(Stored items from a collection)
════════════════

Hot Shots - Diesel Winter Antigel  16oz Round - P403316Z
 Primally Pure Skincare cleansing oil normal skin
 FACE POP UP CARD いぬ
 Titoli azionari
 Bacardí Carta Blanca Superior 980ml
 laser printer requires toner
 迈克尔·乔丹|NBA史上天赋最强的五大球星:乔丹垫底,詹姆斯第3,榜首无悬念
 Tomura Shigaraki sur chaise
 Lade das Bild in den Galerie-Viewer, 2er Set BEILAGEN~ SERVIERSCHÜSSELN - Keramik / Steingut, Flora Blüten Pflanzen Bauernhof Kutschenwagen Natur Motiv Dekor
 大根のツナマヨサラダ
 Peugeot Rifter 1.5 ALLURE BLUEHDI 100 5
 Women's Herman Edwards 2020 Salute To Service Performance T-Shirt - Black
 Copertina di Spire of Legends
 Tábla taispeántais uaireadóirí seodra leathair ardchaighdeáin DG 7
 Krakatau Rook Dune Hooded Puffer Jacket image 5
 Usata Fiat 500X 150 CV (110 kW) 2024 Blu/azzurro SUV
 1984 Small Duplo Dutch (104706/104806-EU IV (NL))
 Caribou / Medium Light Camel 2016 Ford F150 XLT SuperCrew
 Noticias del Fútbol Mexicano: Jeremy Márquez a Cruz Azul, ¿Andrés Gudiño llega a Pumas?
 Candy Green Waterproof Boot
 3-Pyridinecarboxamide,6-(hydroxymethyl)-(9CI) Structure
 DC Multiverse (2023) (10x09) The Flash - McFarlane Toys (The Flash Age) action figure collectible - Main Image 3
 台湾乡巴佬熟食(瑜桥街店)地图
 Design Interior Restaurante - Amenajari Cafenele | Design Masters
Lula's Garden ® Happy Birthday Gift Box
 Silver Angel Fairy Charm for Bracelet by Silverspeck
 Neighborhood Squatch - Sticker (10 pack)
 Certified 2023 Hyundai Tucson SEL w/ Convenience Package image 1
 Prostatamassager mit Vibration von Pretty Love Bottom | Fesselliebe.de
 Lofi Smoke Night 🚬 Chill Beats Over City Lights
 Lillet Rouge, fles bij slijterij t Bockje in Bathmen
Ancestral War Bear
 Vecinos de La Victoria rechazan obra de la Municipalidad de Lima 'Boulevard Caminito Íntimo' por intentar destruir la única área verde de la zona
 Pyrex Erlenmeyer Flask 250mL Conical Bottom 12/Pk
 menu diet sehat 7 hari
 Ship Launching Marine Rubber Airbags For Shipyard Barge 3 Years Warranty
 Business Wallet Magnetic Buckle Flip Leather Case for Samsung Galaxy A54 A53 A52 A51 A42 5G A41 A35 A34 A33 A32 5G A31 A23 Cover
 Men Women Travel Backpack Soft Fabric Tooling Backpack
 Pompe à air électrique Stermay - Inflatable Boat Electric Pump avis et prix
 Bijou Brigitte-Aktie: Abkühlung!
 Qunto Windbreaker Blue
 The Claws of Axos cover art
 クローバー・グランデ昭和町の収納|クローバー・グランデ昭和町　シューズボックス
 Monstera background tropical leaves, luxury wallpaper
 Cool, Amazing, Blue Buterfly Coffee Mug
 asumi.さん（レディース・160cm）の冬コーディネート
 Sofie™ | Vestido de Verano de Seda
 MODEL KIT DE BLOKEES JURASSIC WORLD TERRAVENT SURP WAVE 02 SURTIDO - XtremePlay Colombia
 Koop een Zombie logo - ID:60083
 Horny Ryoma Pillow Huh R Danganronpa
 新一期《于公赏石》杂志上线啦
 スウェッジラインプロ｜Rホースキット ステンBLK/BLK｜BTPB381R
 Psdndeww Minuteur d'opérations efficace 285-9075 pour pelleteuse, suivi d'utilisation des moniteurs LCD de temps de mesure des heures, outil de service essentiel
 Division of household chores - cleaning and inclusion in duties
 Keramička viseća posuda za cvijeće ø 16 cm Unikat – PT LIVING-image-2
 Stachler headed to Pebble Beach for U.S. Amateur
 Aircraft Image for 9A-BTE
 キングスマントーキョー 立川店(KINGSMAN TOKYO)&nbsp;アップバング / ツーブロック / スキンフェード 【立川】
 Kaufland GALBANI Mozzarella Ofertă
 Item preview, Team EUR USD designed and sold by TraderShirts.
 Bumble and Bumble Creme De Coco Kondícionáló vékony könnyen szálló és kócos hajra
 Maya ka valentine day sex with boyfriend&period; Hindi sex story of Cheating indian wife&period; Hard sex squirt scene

════════════════

Word for word, give back all of the records.

* _Exercise solution_
Hot Shots - Diesel Winter Antigel  16oz Round - P403316Z
 Primally Pure Skincare cleansing oil normal skin
 FACE POP UP CARD いぬ
 Titoli azionari
 Bacardí Carta Blanca Superior 980ml
 laser printer requires toner
 迈克尔·乔丹|NBA史上天赋最强的五大球星:乔丹垫底,詹姆斯第3,榜首无悬念
 Tomura Shigaraki sur chaise
 Lade das Bild in den Galerie-Viewer, 2er Set BEILAGEN~ SERVIERSCHÜSSELN - Keramik / Steingut, Flora Blüten Pflanzen Bauernhof Kutschenwagen Natur Motiv Dekor
 大根のツナマヨサラダ
 Peugeot Rifter 1.5 ALLURE BLUEHDI 100 5
 Women's Herman Edwards 2020 Salute To Service Performance T-Shirt - Black
 Copertina di Spire of Legends
 Tábla taispeántais uaireadóirí seodra leathair ardchaighdeáin DG 7
 Krakatau Rook Dune Hooded Puffer Jacket image 5
 Usata Fiat 500X 150 CV (110 kW) 2024 Blu/azzurro SUV
 1984 Small Duplo Dutch (104706/104806-EU IV (NL))
 Caribou / Medium Light Camel 2016 Ford F150 XLT SuperCrew
 Noticias del Fútbol Mexicano: Jeremy Márquez a Cruz Azul, ¿Andrés Gudiño llega a Pumas?
 Candy Green Waterproof Boot
 3-Pyridinecarboxamide,6-(hydroxymethyl)-(9CI) Structure
 DC Multiverse (2023) (10x09) The Flash - McFarlane Toys (The Flash Age) action figure collectible - Main Image 3
 台湾乡巴佬熟食(瑜桥街店)地图
 Design Interior Restaurante - Amenajari Cafenele | Design Masters
Lula's Garden ® Happy Birthday Gift Box
 Silver Angel Fairy Charm for Bracelet by Silverspeck
 Neighborhood Squatch - Sticker (10 pack)
 Certified 2023 Hyundai Tucson SEL w/ Convenience Package image 1
 Prostatamassager mit Vibration von Pretty Love Bottom | Fesselliebe.de
 Lofi Smoke Night 🚬 Chill Beats Over City Lights
 Lillet Rouge, fles bij slijterij t Bockje in Bathmen
Ancestral War Bear
 Vecinos de La Victoria rechazan obra de la Municipalidad de Lima 'Boulevard Caminito Íntimo' por intentar destruir la única área verde de la zona
 Pyrex Erlenmeyer Flask 250mL Conical Bottom 12/Pk
 menu diet sehat 7 hari
 Ship Launching Marine Rubber Airbags For Shipyard Barge 3 Years Warranty
 Business Wallet Magnetic Buckle Flip Leather Case for Samsung Galaxy A54 A53 A52 A51 A42 5G A41 A35 A34 A33 A32 5G A31 A23 Cover
 Men Women Travel Backpack Soft Fabric Tooling Backpack
 Pompe à air électrique Stermay - Inflatable Boat Electric Pump avis et prix
 Bijou Brigitte-Aktie: Abkühlung!
 Qunto Windbreaker Blue
 The Claws of Axos cover art
 クローバー・グランデ昭和町の収納|クローバー・グランデ昭和町　シューズボックス
 Monstera background tropical leaves, luxury wallpaper
 Cool, Amazing, Blue Buterfly Coffee Mug
 asumi.さん（レディース・160cm）の冬コーディネート
 Sofie™ | Vestido de Verano de Seda
 MODEL KIT DE BLOKEES JURASSIC WORLD TERRAVENT SURP WAVE 02 SURTIDO - XtremePlay Colombia
 Koop een Zombie logo - ID:60083
 Horny Ryoma Pillow Huh R Danganronpa
 新一期《于公赏石》杂志上线啦
 スウェッジラインプロ｜Rホースキット ステンBLK/BLK｜BTPB381R
 Psdndeww Minuteur d'opérations efficace 285-9075 pour pelleteuse, suivi d'utilisation des moniteurs LCD de temps de mesure des heures, outil de service essentiel
 Division of household chores - cleaning and inclusion in duties
 Keramička viseća posuda za cvijeće ø 16 cm Unikat – PT LIVING-image-2
 Stachler headed to Pebble Beach for U.S. Amateur
 Aircraft Image for 9A-BTE
 キングスマントーキョー 立川店(KINGSMAN TOKYO)&nbsp;アップバング / ツーブロック / スキンフェード 【立川】
 Kaufland GALBANI Mozzarella Ofertă
 Item preview, Team EUR USD designed and sold by TraderShirts.
 Bumble and Bumble Creme De Coco Kondícionáló vékony könnyen szálló és kócos hajra
 Maya ka valentine day sex with boyfriend&period; Hindi sex story of Cheating indian wife&period; Hard sex squirt scene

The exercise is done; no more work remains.